In [None]:
import os
import numpy as np
import librosa
import tensorflow as tf
from tensorflow.keras import layers, models, callbacks
from sklearn.model_selection import train_test_split

Apply augmentation only on Positive Samples

In [None]:
# Function for preprocessing data with audio augmentation
def preprocess_data_with_augmentation(file_path, max_time_steps=109, sample_rate=16000, duration=3, n_mels=80):
    audio, _ = librosa.load(file_path, sr=sample_rate, duration=duration)

    # Apply data augmentation
    pitch_shifted_audio = librosa.effects.pitch_shift(audio,sr=sample_rate, n_steps=np.random.uniform(-2, 2))
    time_stretched_audio = librosa.effects.time_stretch(audio, rate=np.random.uniform(0.8, 1.2))
    amplitude_scaled_audio = audio * np.random.uniform(0.5, 1.5)

    augmented_audios = [audio, pitch_shifted_audio, time_stretched_audio, amplitude_scaled_audio]

    mel_spectrograms = []

    for augmented_audio in augmented_audios:
        # Extract Mel spectrogram using librosa
        mel_spectrogram = librosa.feature.melspectrogram(y=augmented_audio, sr=sample_rate, n_mels=n_mels)
        mel_spectrogram = librosa.power_to_db(mel_spectrogram, ref=np.max)

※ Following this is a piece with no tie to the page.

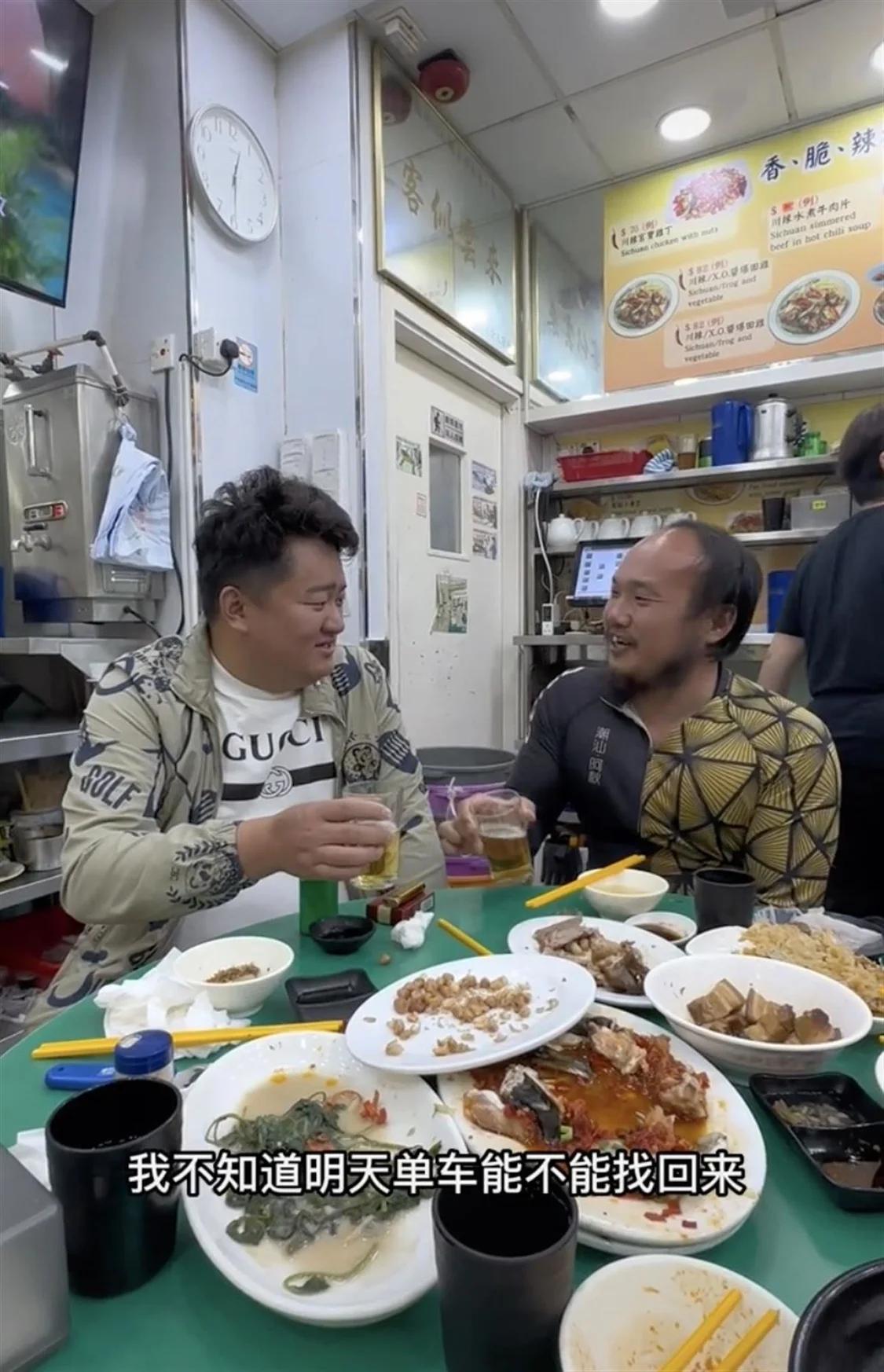 一个小偷偷电瓶车被警察发现了,小偷偷自行车事件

        # Ensure all spectrograms have the same width (time steps)
        if mel_spectrogram.shape[1] < max_time_steps:
            mel_spectrogram = np.pad(mel_spectrogram, ((0, 0), (0, max_time_steps - mel_spectrogram.shape[1])), mode='constant')
        else:
            mel_spectrogram = mel_spectrogram[:, :max_time_steps]

        mel_spectrograms.append(mel_spectrogram)

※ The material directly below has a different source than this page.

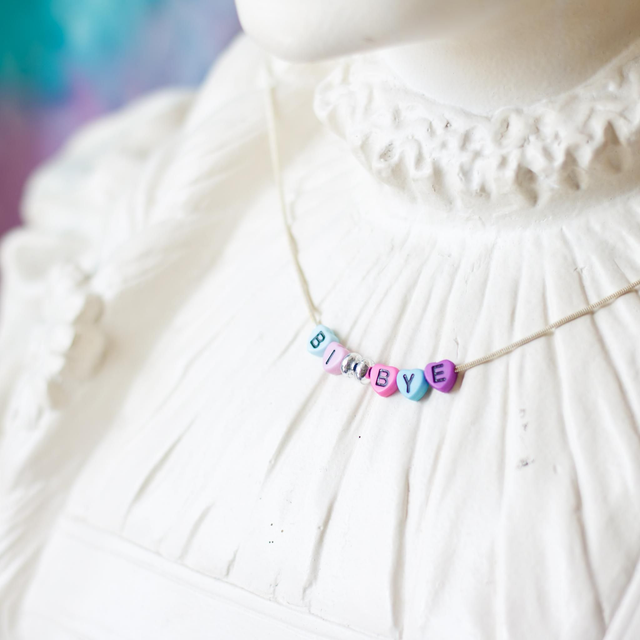 Collier Bi-Bye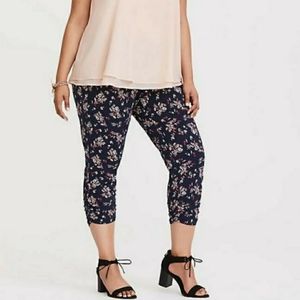 Torrid Floral Capri Pants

    return mel_spectrograms

In [None]:
# Set your file paths and constants
TRAINING_LABEL = '/data/common_source/datasets/asvpoof-2019-dataset/LA/LA/ASVspoof2019_LA_cm_protocols/ASVspoof2019.LA.cm.train.trn.txt'
TRAINING_DATA = '/data/common_source/datasets/asvpoof-2019-dataset/LA/LA/ASVspoof2019_LA_train/flac'
VALIDATION_DATA = '/data/common_source/datasets/asvpoof-2019-dataset/LA/LA/ASVspoof2019_LA_dev/flac'
VALIDATION_LABEL = '/data/common_source/datasets/asvpoof-2019-dataset/LA/LA/ASVspoof2019_LA_cm_protocols/ASVspoof2019.LA.cm.dev.trl.txt'
SAMPLE_RATE = 16000  # Adjust if your sample rate is different
DURATION = 3  # Adjust the duration of your audio samples
N_MELS = 80  # Adjust the number of mel filters
max_time_steps = 109 

In [None]:
# Load labels for training Data
if os.path.exists('labels/X_train_MEL.npy') and os.path.exists('labels/y_train_MEL.npy'):
    X = np.load('labels/X_train_MEL.npy')
    y = np.load('labels/y_train_MEL.npy')
else:
    train_labels = {}

    with open(TRAINING_LABEL, 'r') as label_file:
        lines = label_file.readlines()

    for line in lines:
        parts = line.strip().split()
        file_name = parts[1]
        label = 1 if parts[-1] == "bonafide" else 0
        train_labels[file_name] = label

    X = []
    y = []

 # Define the maximum time steps for your model

    for file_name, label in train_labels.items():
        file_path = os.path.join(TRAINING_DATA, file_name + ".flac")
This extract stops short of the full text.